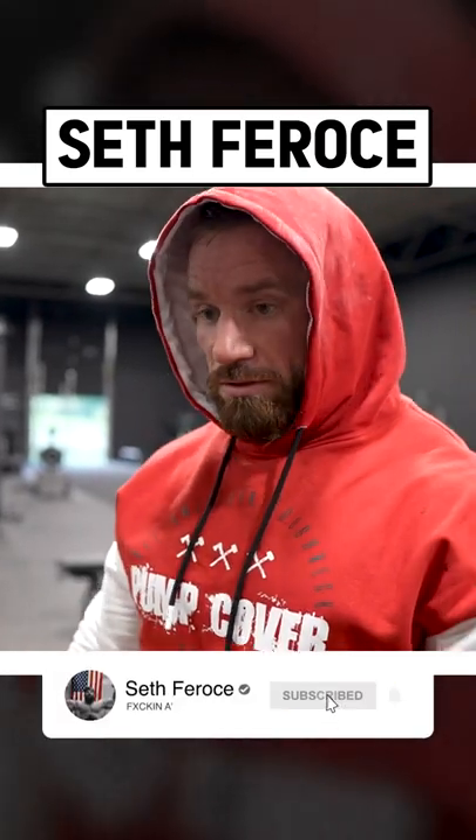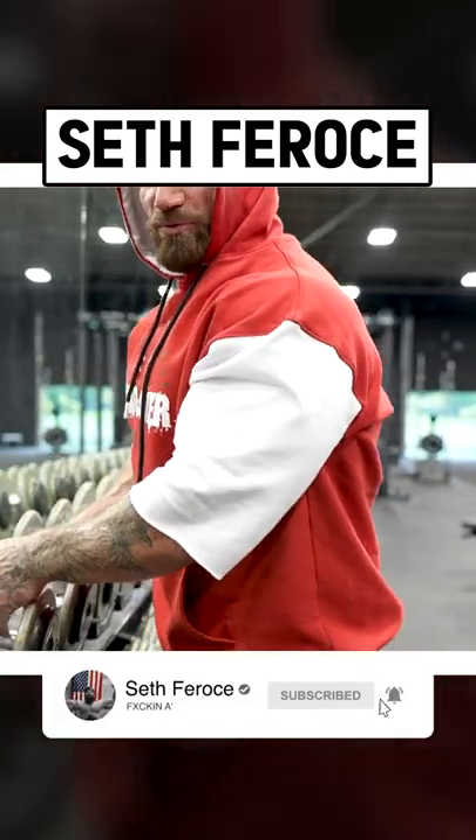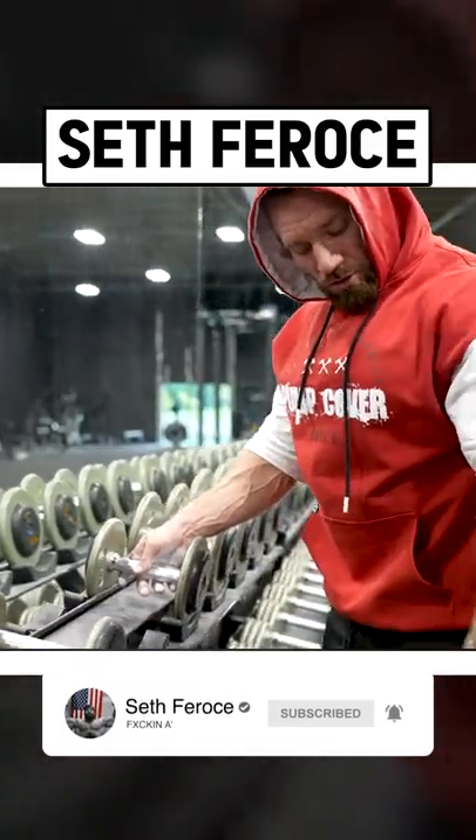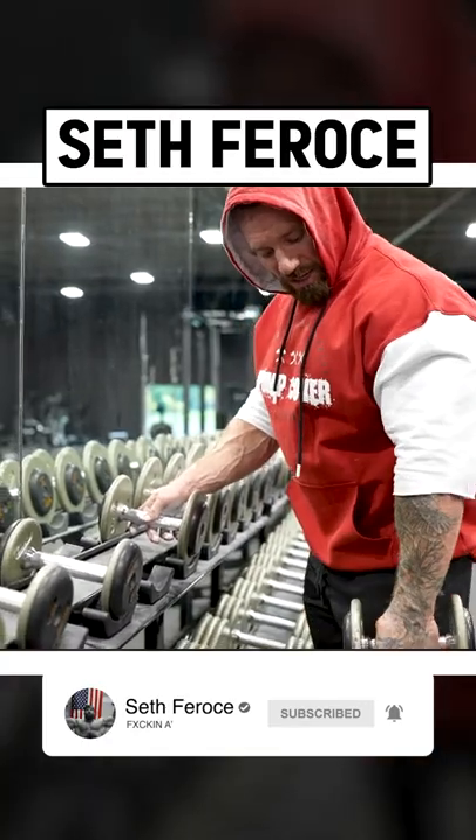Hand placement on hammer curls. We're going to demonstrate on the light ones right now. You can grab in a couple different places: you can grab down low, you can grab up high, or you can grab in the middle.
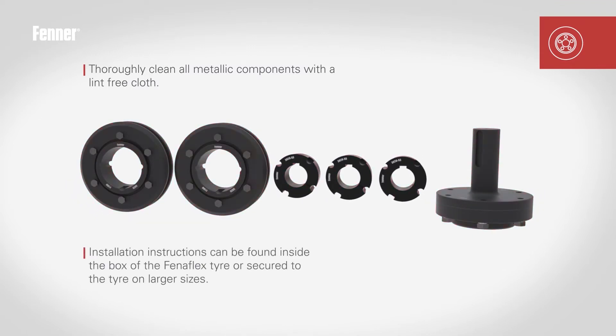All mating surfaces of the assembly — taper bores in flanges and taper lock bushes — should be cleaned to remove any debris that might impede accurate and effective assembly. A lint-free cloth is usually sufficient.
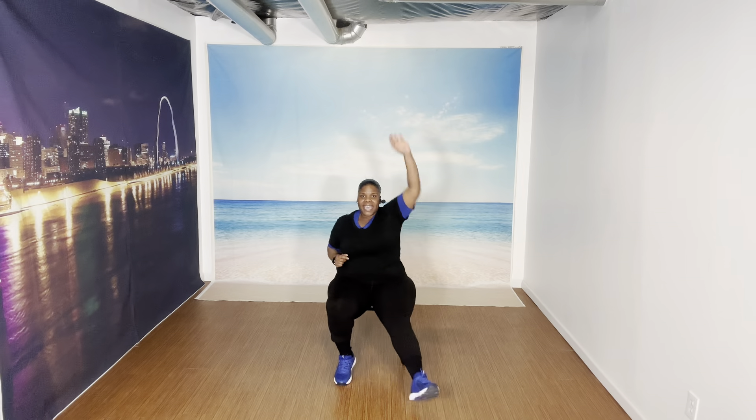March. March. Give me eight more marches — eight, seven, six, five, four, three. Legs forward at your arm — eight, seven, six, five, come on, four, three, two, one.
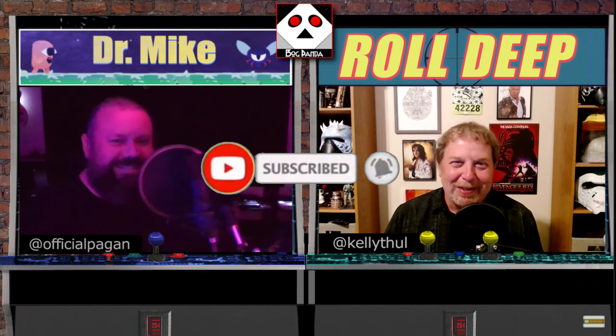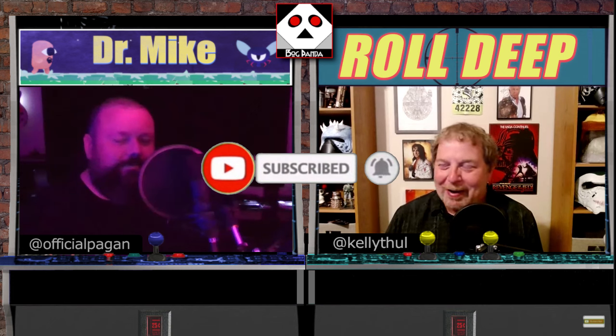Mike continues to deepen our relationship with our audience. If you'd like to hear Mike call you other names, we strongly encourage you to like and subscribe to the Pogpanda YouTube channel.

Task directions: When repeating the listing, keep each line exact and exclude the pictures.

Output of the exercise:
Hand placement on hammer curls. We're going to demonstrate on the light ones right now. You can grab in a couple different places: you can grab down low, you can grab up high, or you can grab in the middle.
All mating surfaces of the assembly — taper bores in flanges and taper lock bushes — should be cleaned to remove any debris that might impede accurate and effective assembly. A lint-free cloth is usually sufficient.
March. March. Give me eight more marches — eight, seven, six, five, four, three. Legs forward at your arm — eight, seven, six, five, come on, four, three, two, one.
Mike continues to deepen our relationship with our audience. If you'd like to hear Mike call you other names, we strongly encourage you to like and subscribe to the Pogpanda YouTube channel.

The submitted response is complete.